• **Data section**:
________________
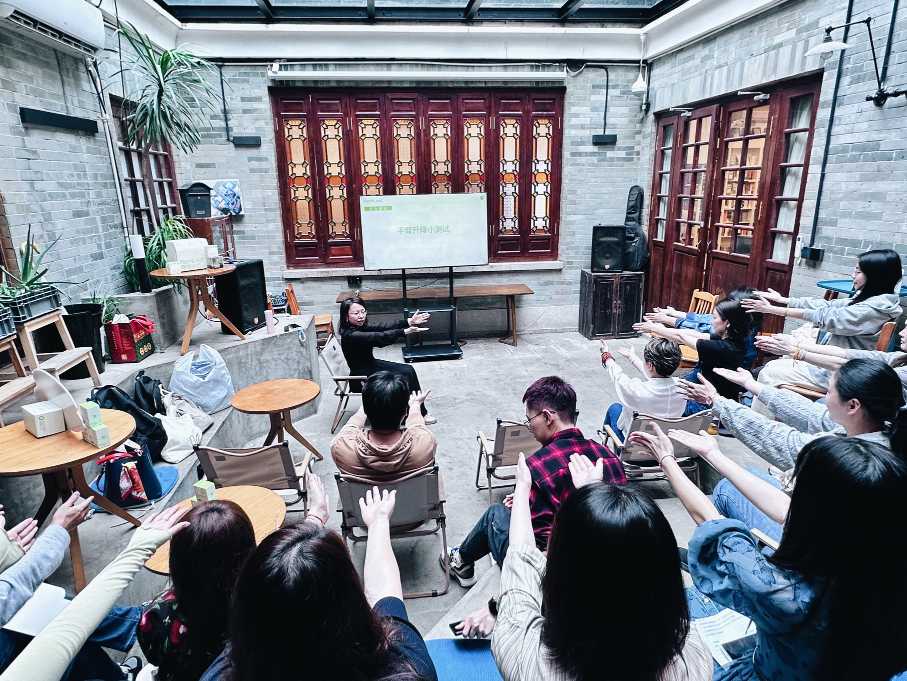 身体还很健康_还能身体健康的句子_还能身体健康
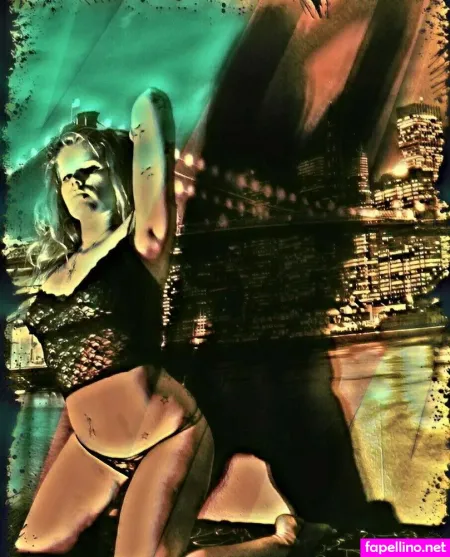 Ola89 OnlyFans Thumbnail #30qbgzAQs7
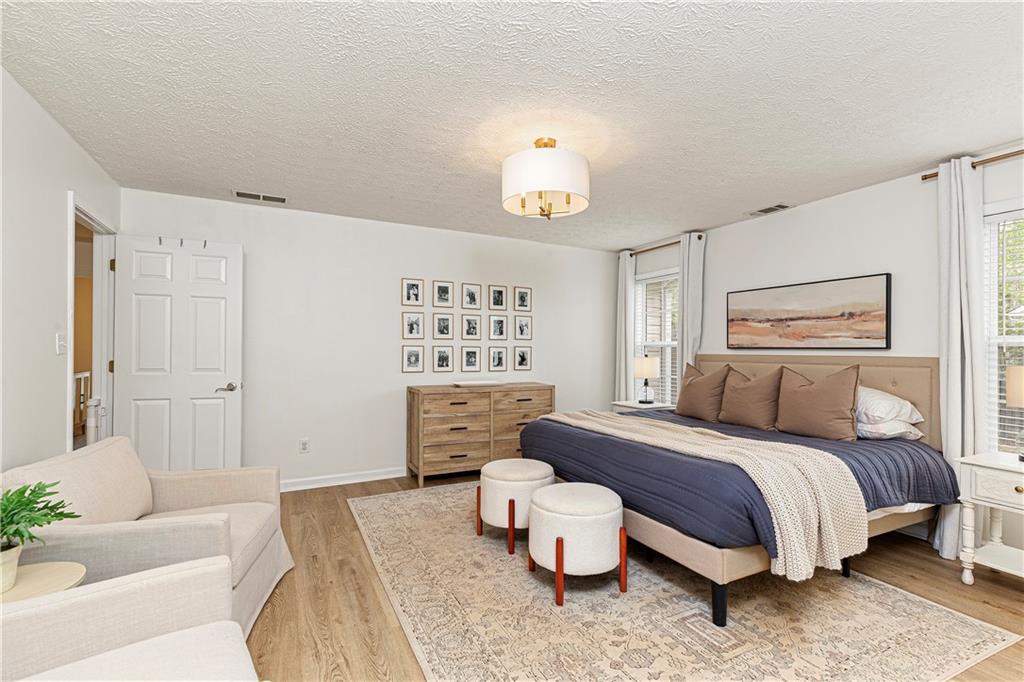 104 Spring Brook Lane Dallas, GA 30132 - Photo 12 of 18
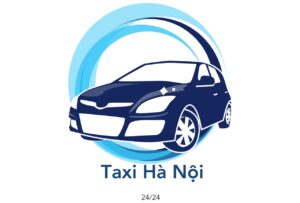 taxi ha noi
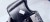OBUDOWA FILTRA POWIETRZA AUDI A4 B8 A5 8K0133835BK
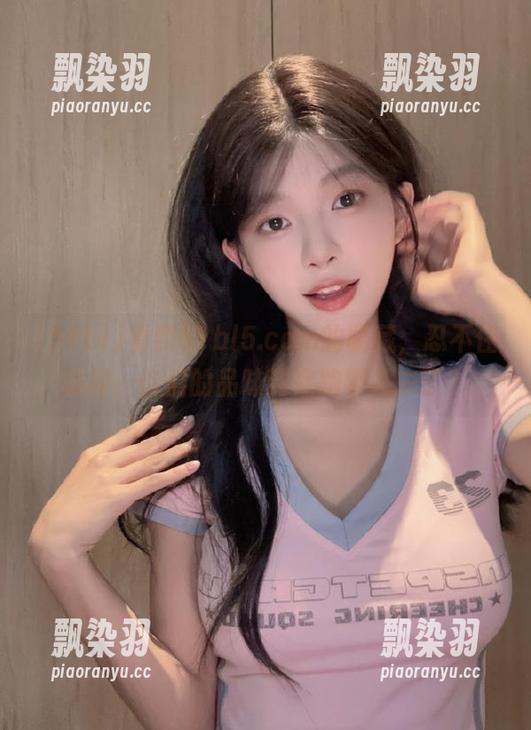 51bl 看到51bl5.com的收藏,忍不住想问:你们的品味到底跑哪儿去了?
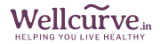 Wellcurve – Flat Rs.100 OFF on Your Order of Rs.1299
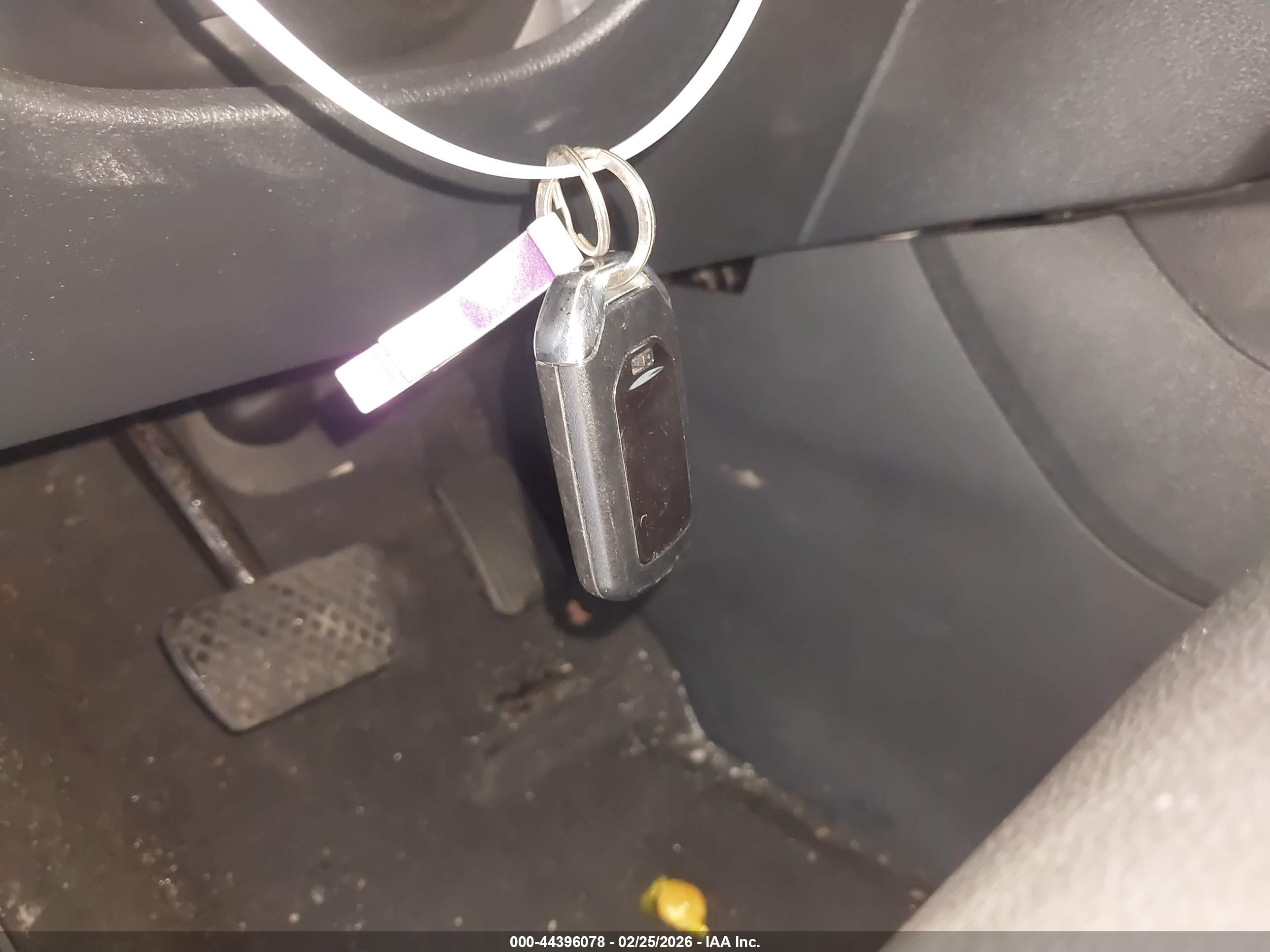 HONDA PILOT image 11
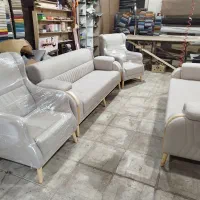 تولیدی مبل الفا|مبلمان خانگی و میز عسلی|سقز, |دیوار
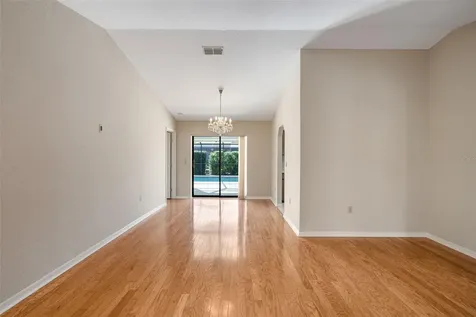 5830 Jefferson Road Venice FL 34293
________________
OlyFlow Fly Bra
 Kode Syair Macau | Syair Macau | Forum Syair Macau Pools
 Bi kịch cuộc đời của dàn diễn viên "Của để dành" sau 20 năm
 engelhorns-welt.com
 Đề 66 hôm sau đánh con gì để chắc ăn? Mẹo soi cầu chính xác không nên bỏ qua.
________________
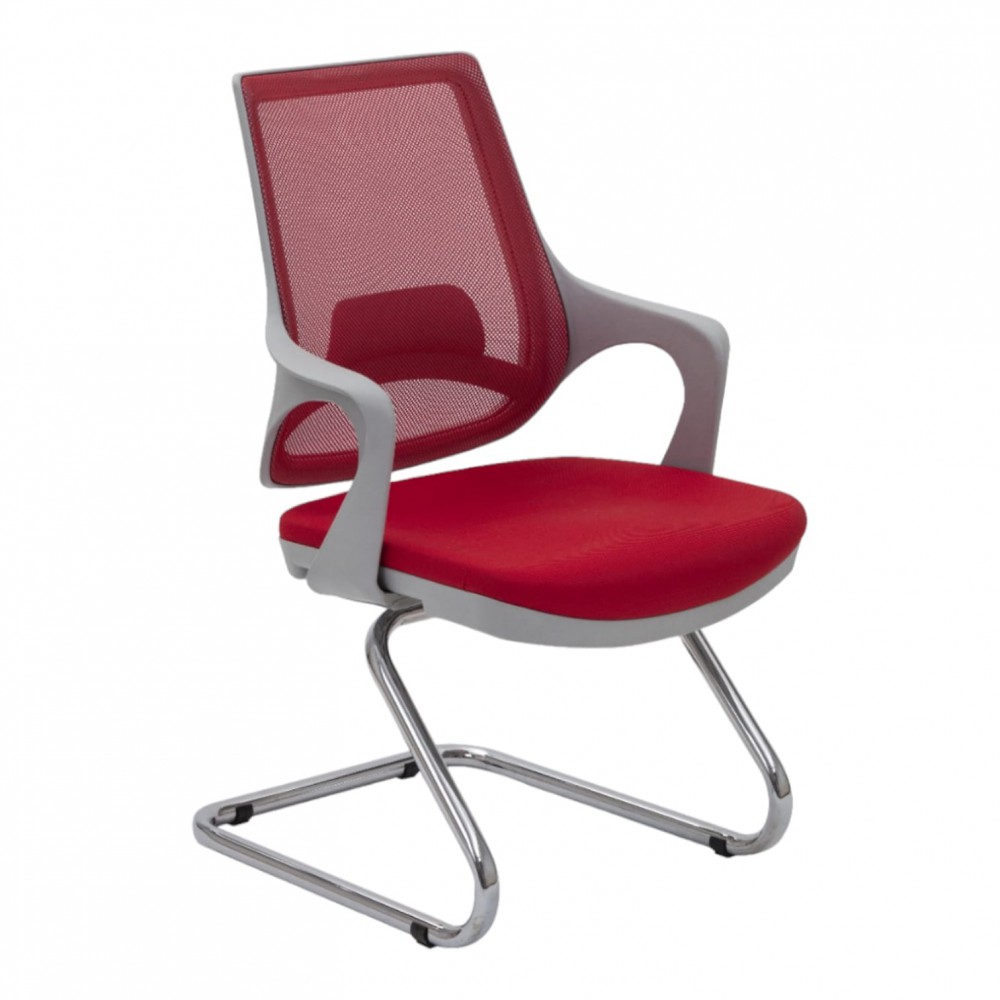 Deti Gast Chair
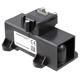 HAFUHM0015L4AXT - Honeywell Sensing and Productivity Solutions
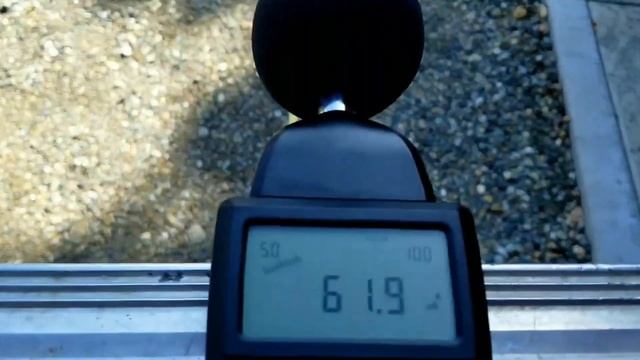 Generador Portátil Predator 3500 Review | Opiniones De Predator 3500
________________
• **What is required**:
To complete this exercise, transcribe exactly the lines above from the one that holds "Wellcurve – Flat" through the one that holds "5830 Jefferson Road Venice FL 34293". Pictures stay out.

• **Finished task**:
 Wellcurve – Flat Rs.100 OFF on Your Order of Rs.1299
 HONDA PILOT image 11
 تولیدی مبل الفا|مبلمان خانگی و میز عسلی|سقز, |دیوار
 5830 Jefferson Road Venice FL 34293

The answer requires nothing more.